I'm trying to trawl newsgroup to test some text-based grouping algorithms, fetching batches of newsgroup headers and sticking them into a SQLite database. The database is about as plain as it gets, with text columns for all the data, and the header data as fetched by Python's nntp library always gives 8 values per header. All but one of those are strings, and I convert the only non-string to a string before inserting my data into the database. This notwithstanding, Python falls over itself with the rather useless "TypeError: not all arguments converted during string formatting" error, which is only a marginal step up from just saying "error: good luck, you're on your own."
Does someone who understands how string formatting of a string to a string goes wrong better than I know what's going wrong in the following code?
import nntplib, sqlite3
# newsgroup settings (modify so that this works for you =)
server = 'news.yournewsgroup.com'
port = 119
username = 'your name here'
password = 'your password here'
# set up the newsgroup and sqlite connections
connection = nntplib.NNTP(server, port, username, password)
newsgroup = "comp.graphics.algorithms"
connection.group(newsgroup)
database = sqlite3.connect(newsgroup + ".db")
# create a table definition if it doesn't exist yet
try:
# SQLite doesn't actually have data types. Everything as stored as plain text.
# And so is newsgroup data. Bonus!
database.execute("""CREATE TABLE headers (articleNumber text, subject text,
poster text, date text, id text,
references text, size text,
lines text)""")
except:
# table definition already exists. Not actually an error.
pass
# Get the group meta-data, and set up iterator values for running
# through the header list.
resp, count, first, last, name = connection.group(newsgroup)
total = int(last) - int(first)
step = 10000
steps = total / step;
articleRange = first + '-' + str(int(first)+step)
# grab a batch of headers
print "[FETCHING HEADERS]"
resp, list = connection.xover(first, str(int(first)+step))
print "done."
# process the fetched headers
print "[PROCSSING HEADERS]"
for entry in list:
# Unpack immutable tuple, mutate (because the references list
# should be a string), then repack.
articleNumber, subject, poster, date, id, references, size, lines = entry
argumentList = (articleNumber, subject, poster, date, id, (",".join(references)), size, lines)
try:
# try to chronicle the header information.
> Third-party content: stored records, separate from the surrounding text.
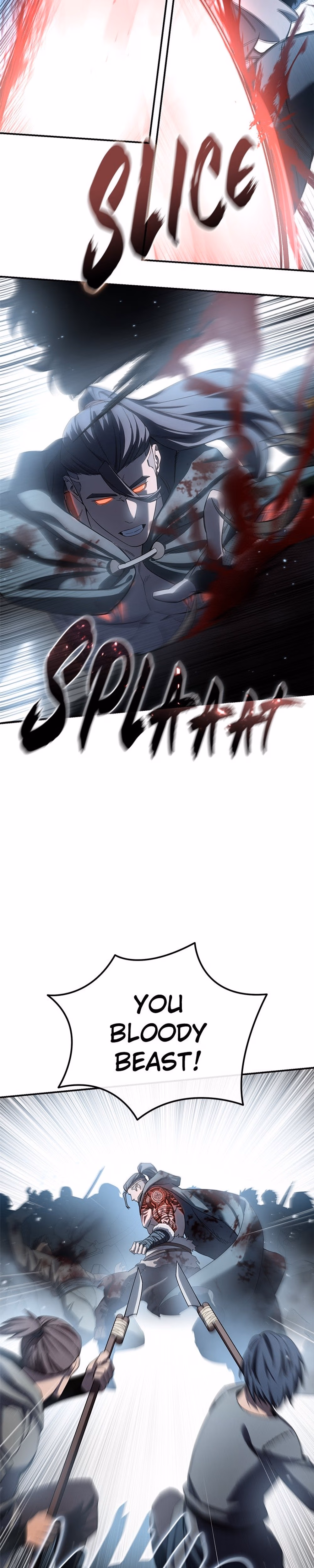 The Stellar Swordmaster - Chapter 89 - Part 36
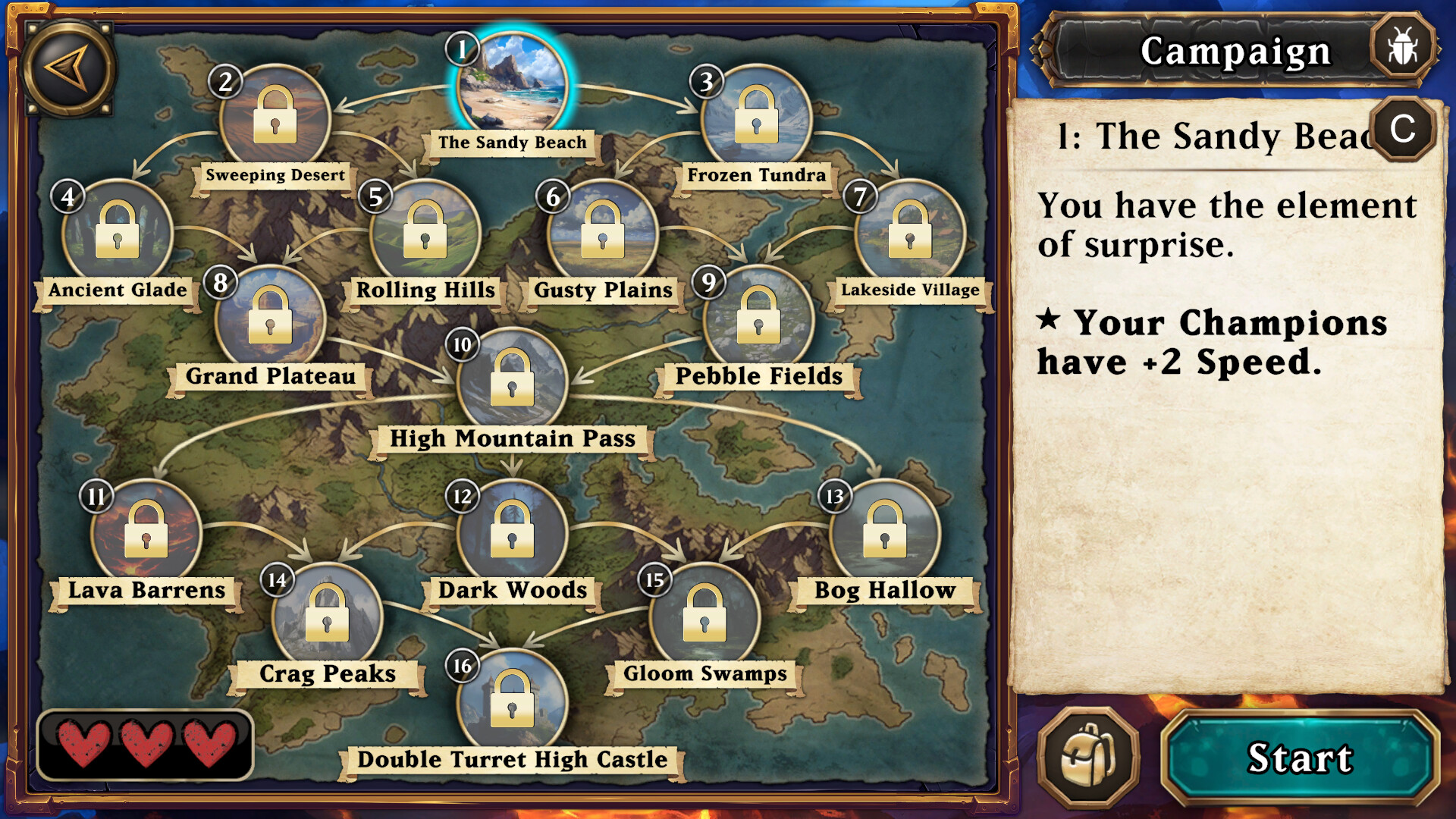 Draconis 8 Screenshot 3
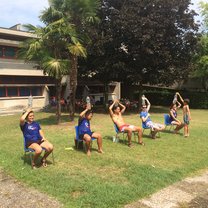 Educo Olympics!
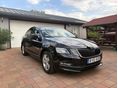 SKODA OCTAVIA 1.6 CR TDI Style MAGYAROSZÁGI. sérülésmentes kitűnő állapotú!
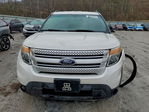 Ford Explorer 2015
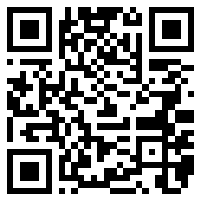 QR Code for bitcoin:1APbw1iTcACGwG8C6MC3c9JK424aVs32Du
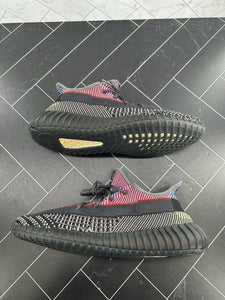 adidas Yeezy Boost 350 V2 Yecheil Non-Reflective Size 12 FW5190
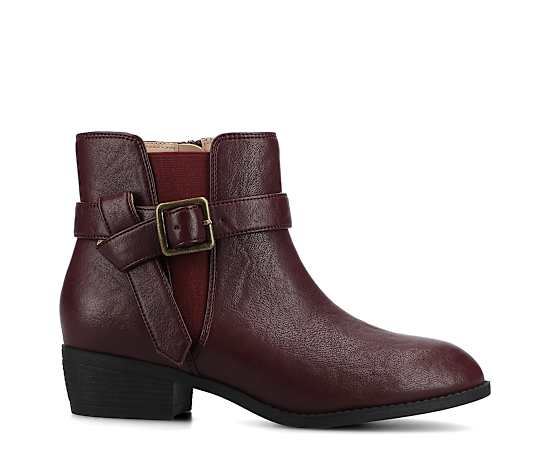 WOMENS DEVINA BOOTIE
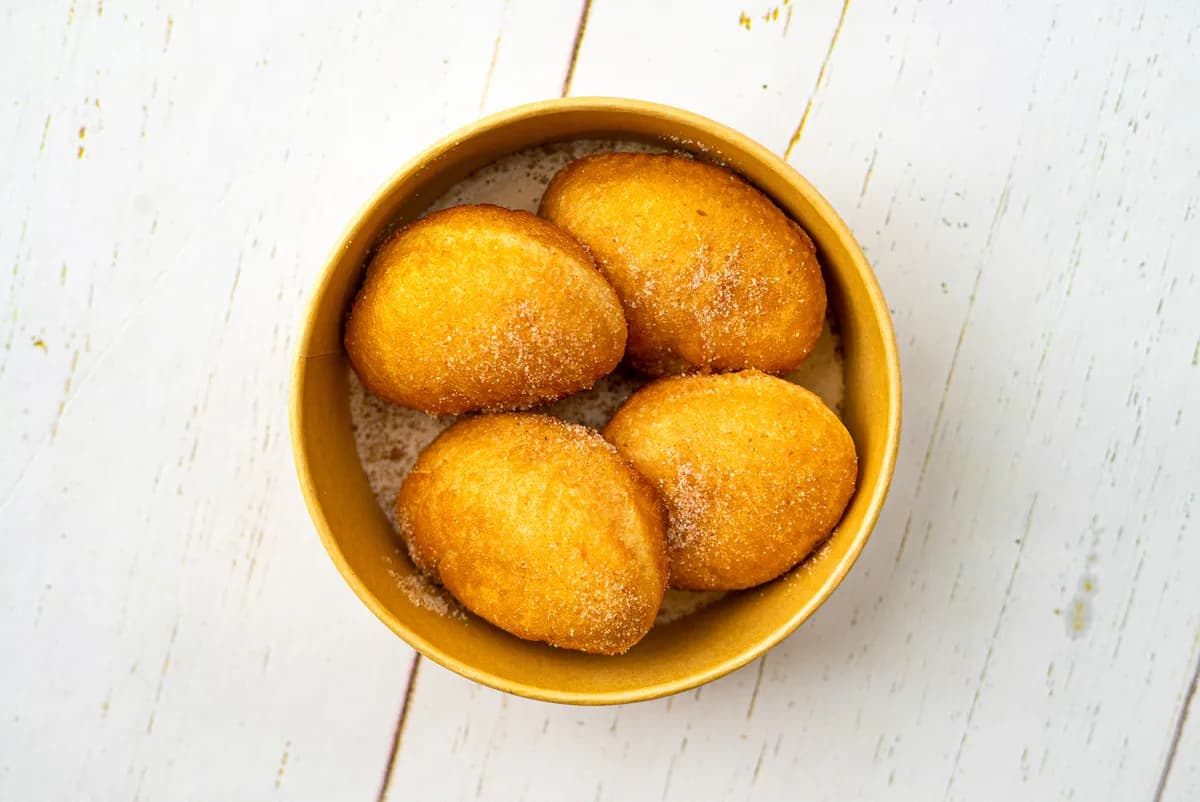 Bowls of Rice on Instagram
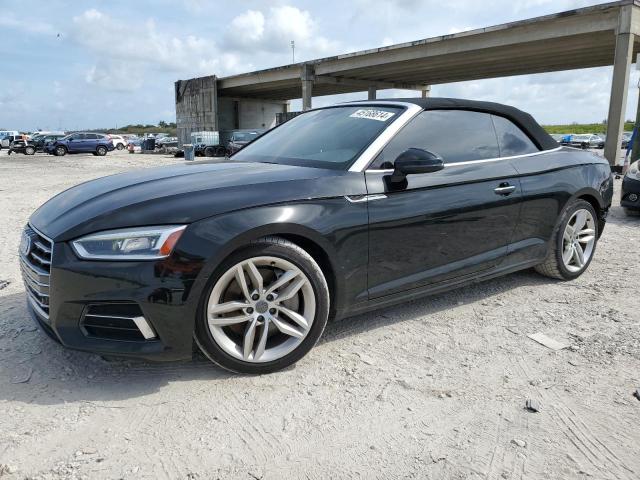Obraz 2019 AUDI A5 PREMIUM PLUS 2019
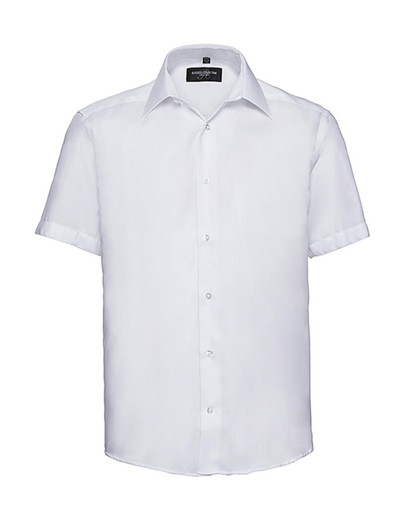 Ultimate men's short-sleeved shirt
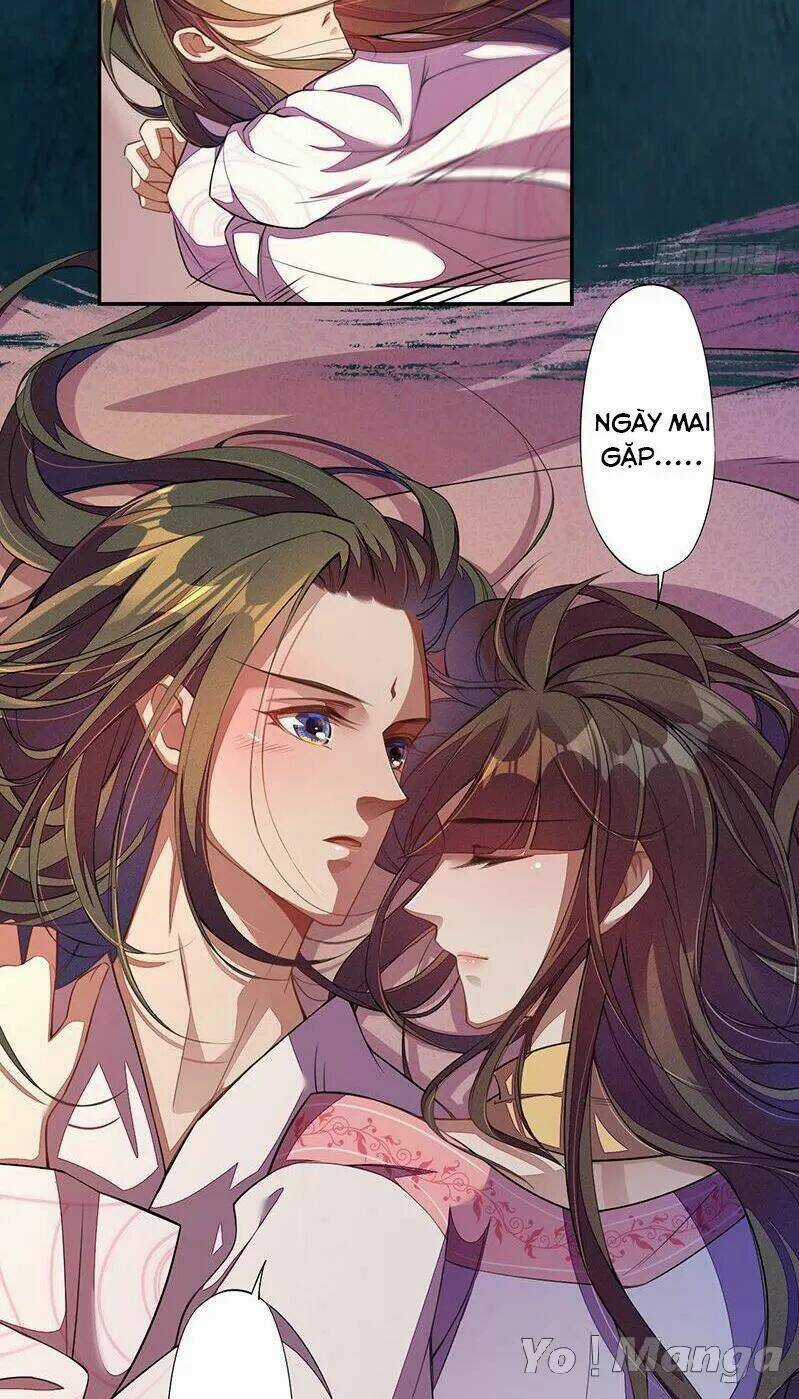 Tuyệt Thế Luyện Đan Sư Chapter 114 trang 14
THIS WILL GO WRONG AT SOME POINT.
database.execute("""INSERT INTO headers (articleNumber, subject, poster,
date, id, reference, size, lines)
VALUES ('?', '?', '?',
'?', '?','?', '?', '?')"""
% argumentList)
except TypeError as err:
# And here is an irking point with Python in general. Something went
# wrong, yet all it tells us is "not all arguments converted during
# string formatting". Despite that error being generated at a point
# where the code knows WHICH argument was the problem.
print err
print type(argumentList[0]), argumentList[0]
print type(argumentList[1]), argumentList[1]
print type(argumentList[2]), argumentList[2]
print type(argumentList[3]), argumentList[3]
print type(argumentList[4]), argumentList[4]
print type(argumentList[5]), argumentList[5]
print type(argumentList[6]), argumentList[6]
print type(argumentList[7]), argumentList[7]
# A quick print set shows us that all arguments are already of type
# "str", and none of them are empty... so it would take quite a bit
# of work to make them fail at being legal strings... Wat?
exit(1)
print "done."
# cleanup
database.close()
connection.quit()
What that error tells you is that you supplies n values to string formatting (%
) but the format string expected less than n values. Specifically, this string:
"""INSERT INTO headers (articleNumber, subject, poster,
date, id, reference, size, lines)
VALUES ('?', '?', '?',
'?', '?','?', '?', '?')"""
does not expect any values for %
-style string formatting. Theres no %d
in it, no %s
, nothing. Instead, the ?
placeholders are for the parameter substitution of the DB API. You don't invoke that with the %
operator (you don't need it at all here). Instead pass the sequence of values as second parameter to the execute
call. Also, you need to drop the quotes from the placeholders to indicate they're supposed to be placeholders and not string literals which happen to contain a single quote character. In summary:
database.execute("""
INSERT INTO headers (articleNumber, subject, poster,
date, id, reference, size, lines)
VALUES (?, ?, ?, ?, ?, ?, ?, ?)""", # note: comma, not %
argumentList)